Racial wealth gap widens

Recession hit everyone. The recovery is going better for whites than for blacks and Hispanics.

WASHINGTON - The Great Recession was hard on almost everyone, eroding the net worth of the typical American by nearly 40 percent between 2007 and 2010. But the recovery has been more selective, according to a new analysis of Federal Reserve data by the Pew Research Center. While the wealth of whites leveled off as the economy began to heal between 2010 and 2013, blacks and Hispanics experienced continued decline.

The result is an expanding racial wealth gap. Now whites have $13 for every $1 held by African Americans, a level of inequality not seen since 1989, when the white-black gap was 17 to 1, according to Pew researchers Rakesh Kochhar and Richard Fry. The gap separating whites and Hispanics is just over 10 to 1, a level not seen since 2001.

For blacks, the decline between 2010 and 2013 was precipitous - more than 33 percent. Pew noted that decline is related to the 9 percent drop in median income for minorities during the three-year period covered in the report. Also, the black unemployment rate has been in double digits for years, and stood at 11.1 percent in November, even as the overall jobless rate was 5.8 percent. Hispanics had a 6.6 percent unemployment rate in November, and the white jobless rate was 4.9 percent.

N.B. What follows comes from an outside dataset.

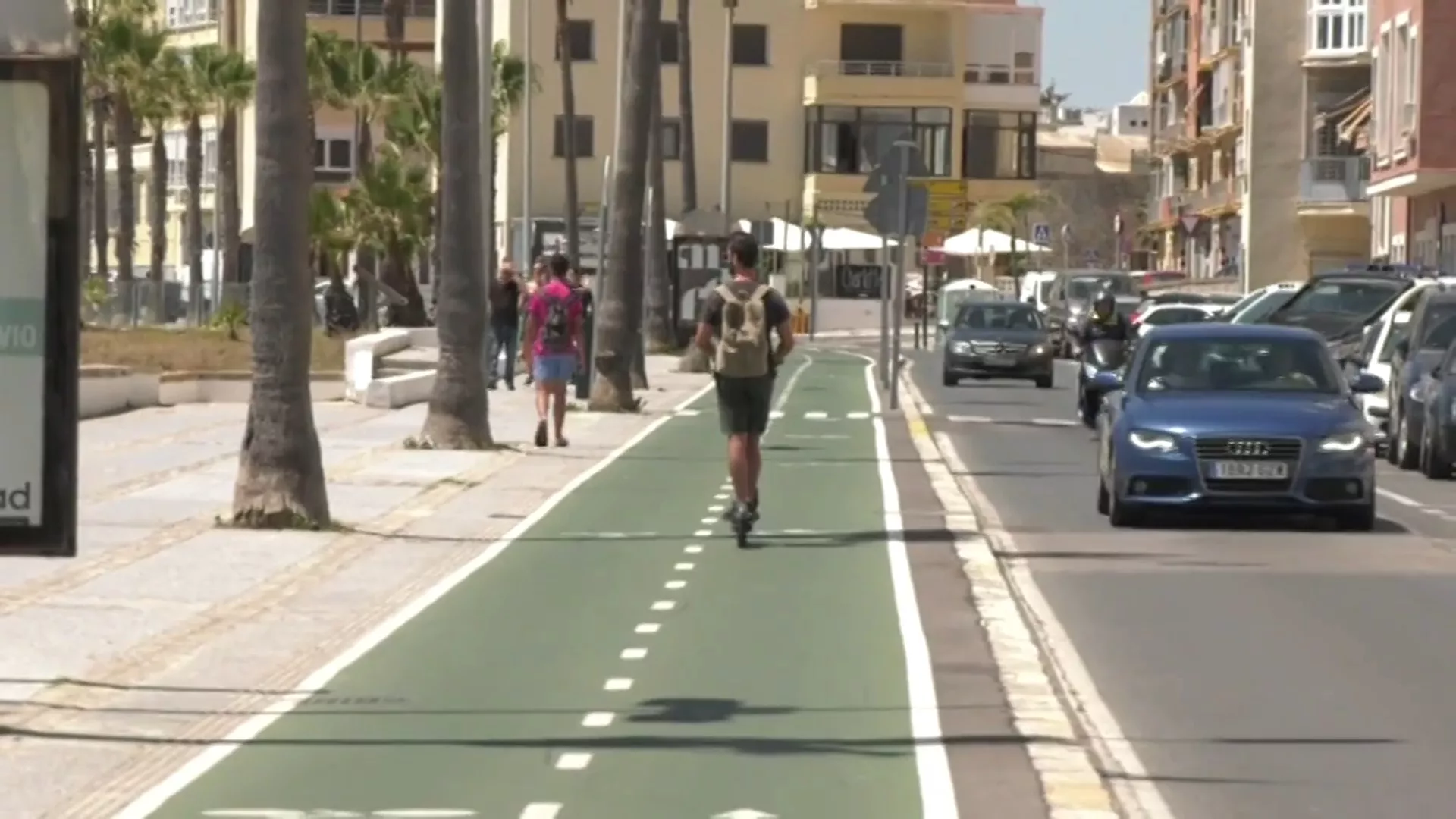 Joven circula en patinete en el carril bici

"Minority households may not have replenished their savings as much as white households or they may have had to draw down their savings even more during the recovery," the report said.

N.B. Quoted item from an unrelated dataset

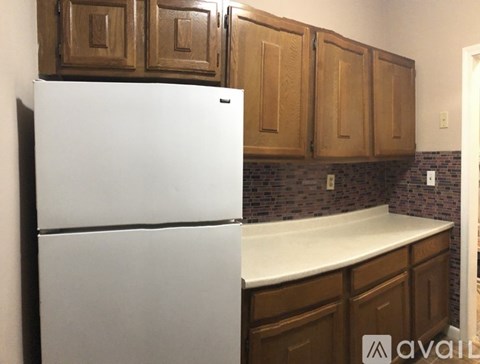 A white refrigerator in a kitchen with brown cabinets.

Another factor is that stocks and other financial assets have made rapid gains in recent years. Whites are much more likely than minorities to have such holdings, putting them in a better position to benefit from the robust recovery in financial markets. In addition, the home ownership rate for minorities fell from 50.6 percent in 2010, to 47.4 percent in 2012, the report said. For whites it slipped from 75.3 percent to 73.9 percent.

Even when minorities held on to their homes, it barely helped their wealth portfolio, economists have found. An October report by Economic Policy Institute researcher Valerie Wilson found that inflation-adjusted median home values fell 4.6 percent for white households and 18.4 percent for African American households between 2010 and 2013. For Hispanics, who had the steepest wealth losses during the housing bust, home values increased 3.7 percent, the report found.

Despite some "anomalies," the racial wealth gaps "are at or about their highest levels observed in the 30 years for which we have data," the report said.